Scientists have known for years that inflammation plays a role in the development of colorectal cancer, but this new information indicates that interactions between inflammation and subsequent changes in the gut microbiota create the conditions that result in colon tumors.

Known risk factors for developing colorectal cancer include consuming a diet rich in red meat, alcohol consumption, and chronic inflammation in the gastrointestinal tract (patients with inflammatory bowel diseases, such as ulcerative colitis, are at a greater risk of developing colorectal cancer, for instance).
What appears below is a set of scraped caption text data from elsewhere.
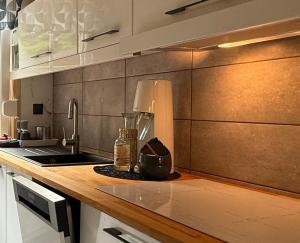 a kitchen with a sink and a counter top at Kamień na Kaszubach in Kamień +21 photos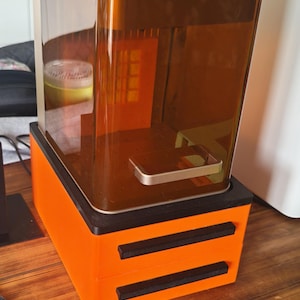 Könnte beinhalten: Ein orangefarbener 3D-Drucker mit einem transparenten, bernsteinfarbenen Harzbehälter. Der Drucker hat eine schwarze Basis und zwei schwarze horizontale Balken auf der Vorderseite. Das Gerät steht auf einer Holzoberfläche.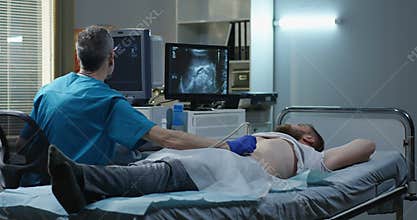 Doctor examining man with ultrasound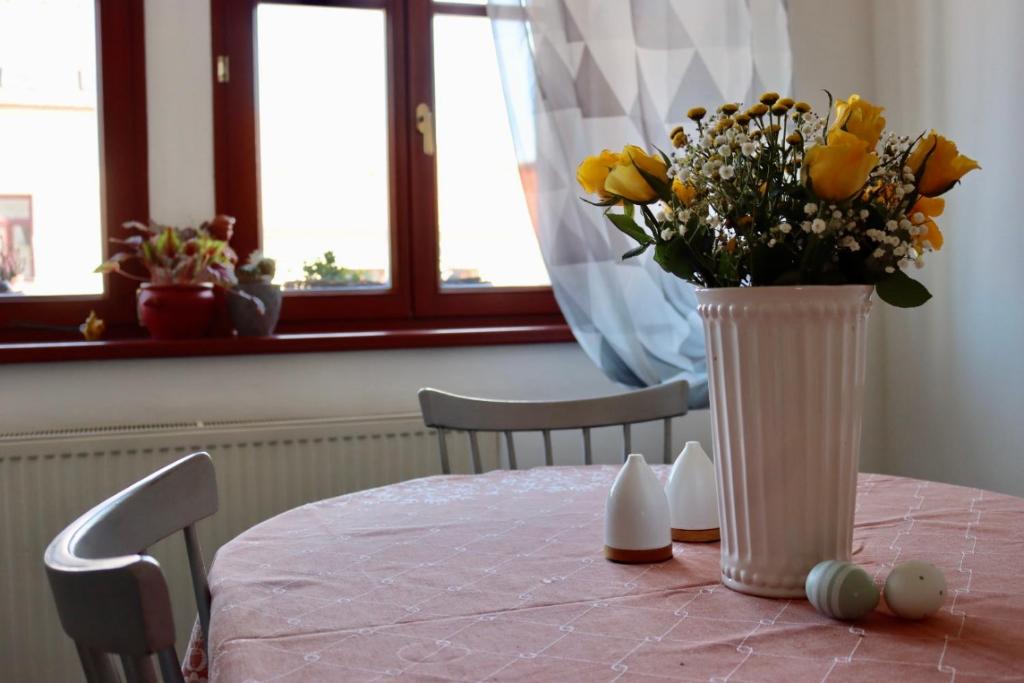 Postel nebo postele na pokoji v ubytování Penzion U Kapra
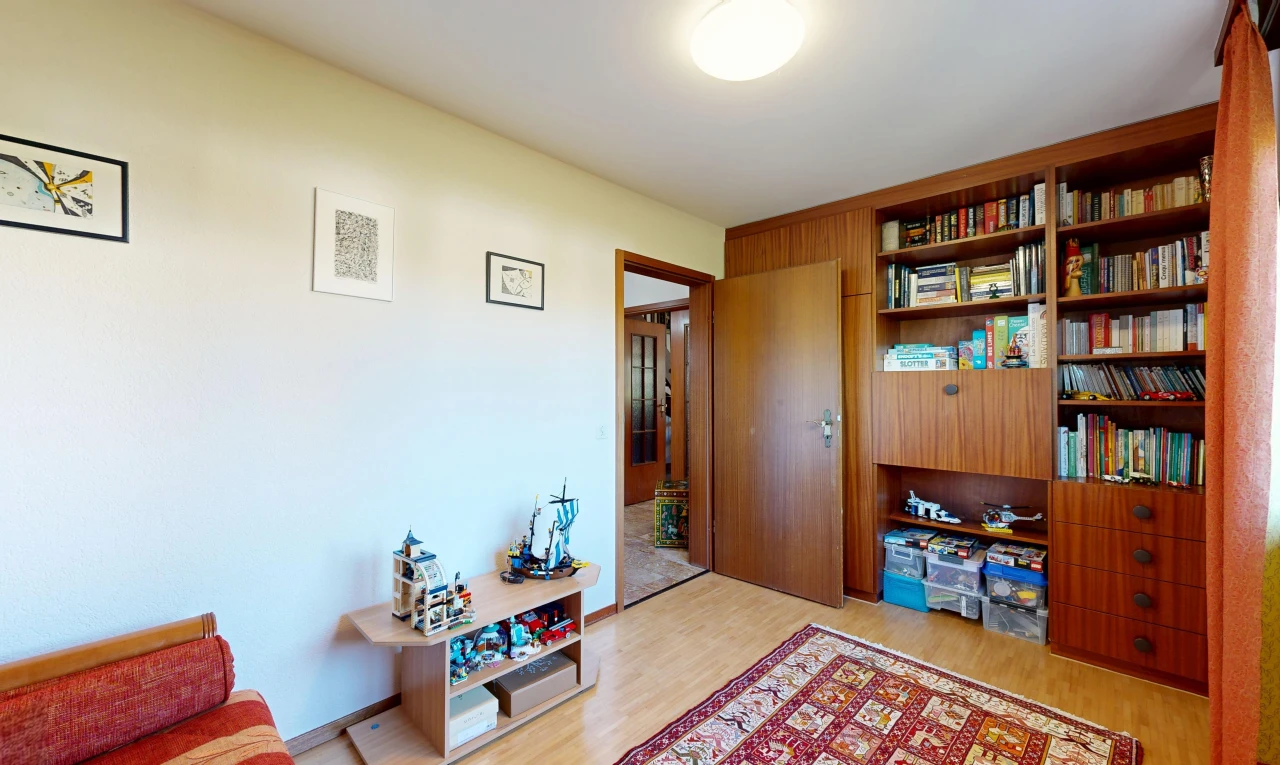 salon avec drywall, cloison sèche, wood finish floor, sol en finition bois, et étagères intégrées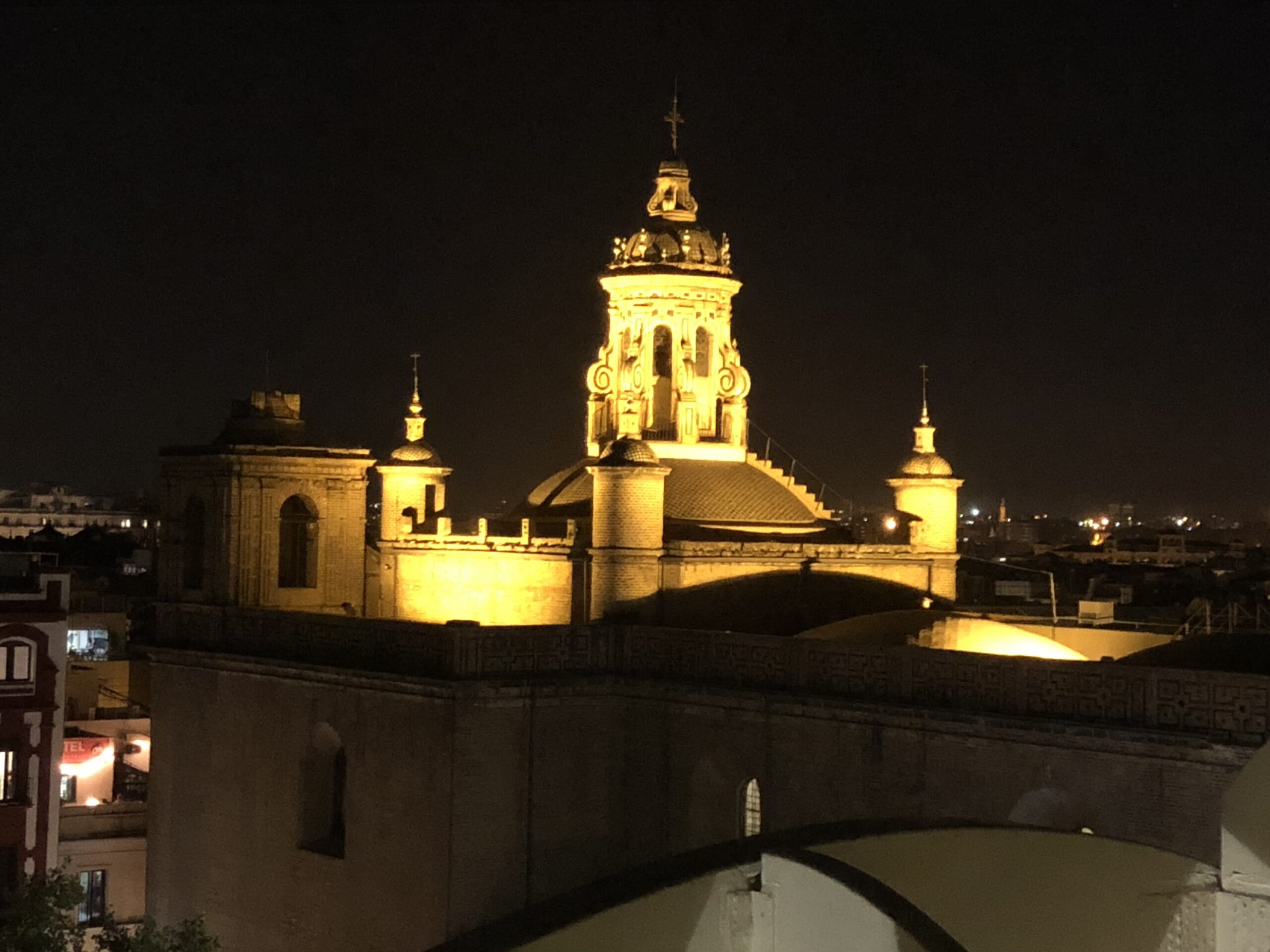alt="illuminated rooftops"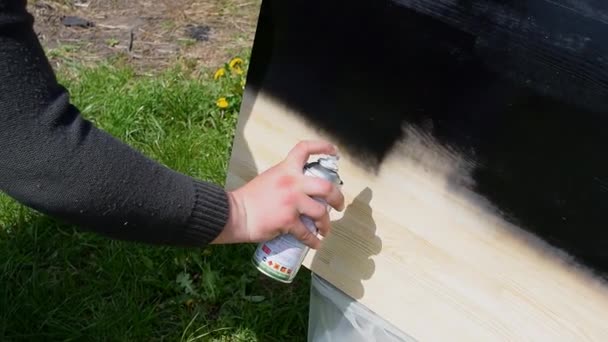 Férfi kézi festés fa fekete spray festék. Munkás alkalmazó lakk festék fa asztal felületén, festés és gondozás a fa. Ház felújítás, fénymásolás, textúra. - Felvétel, videó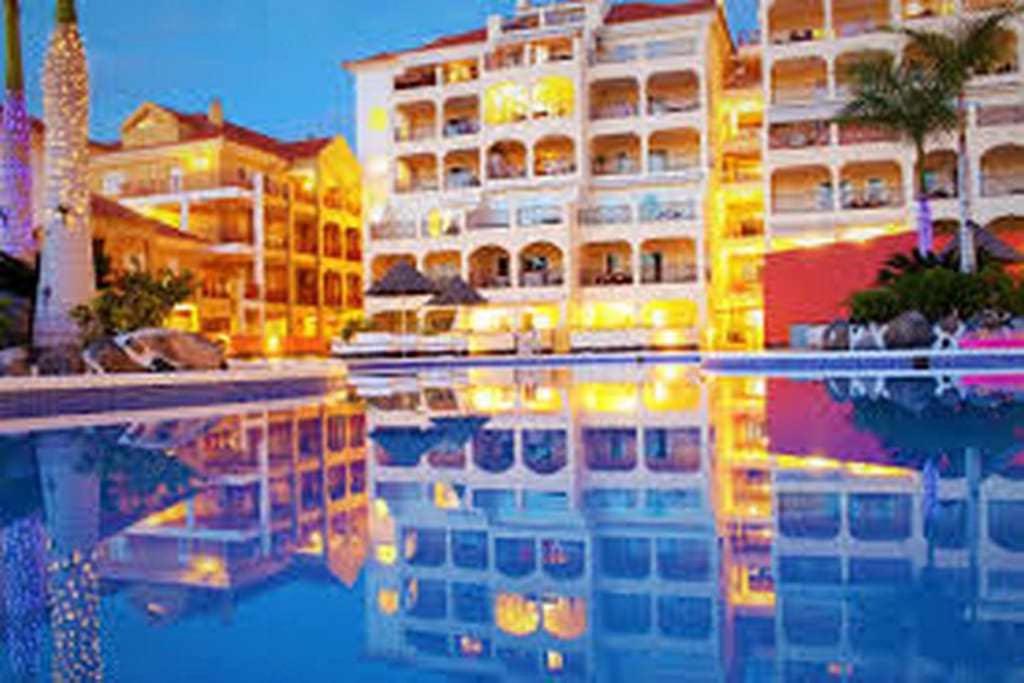 a view of a hotel with a reflection in the water at Dinastia B403 by Tenerife Rental and Sales in Los Cristianos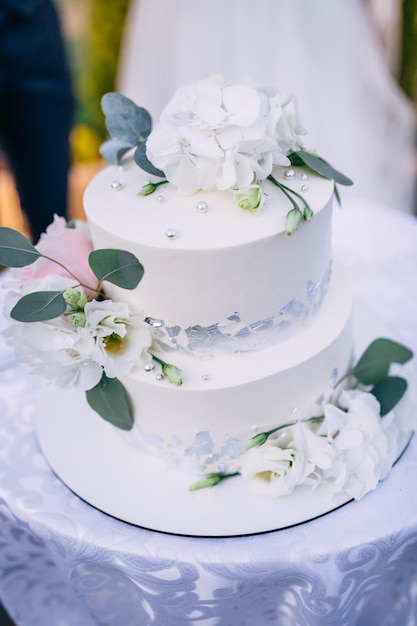 Lindo bolo de casamento fechado de um bolo decorado com flores brancas e folhas verdes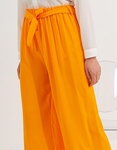Εικόνα από Wide leg παντελόνα με λάστιχο στη μέση και ζωνάκι Πορτοκαλί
The results were stark: mice given the microbiota of the tumor-bearing mice had more than two times as many colon tumors as the mice given a healthy microbiota. What's more, normal mice that were given antibiotics before and after inoculation had significantly fewer tumors than the mice that got no antibiotics, and tumors that were present in these antibiotic-treated mice were significantly smaller than tumors in untreated mice. This suggests that specific populations of microorganisms were essential for the formation of tumors...

Looking at the microorganisms, they found that tumor-bearing mice harbored greater numbers of bacteria within the Bacteroides, Odoribacter, and Akkermansia genera, and decreased numbers of bacteria affiliated with members of the Prevotellaceae and Porphyromonadaceae families. Three weeks after they were inoculated with the communities from the tumor-bearing mice, the germ-free mice had a gut microbiome that was very similar to the tumor-bearing mice, and they had a greater abundance of the same bacterial groups associated with tumor-formation.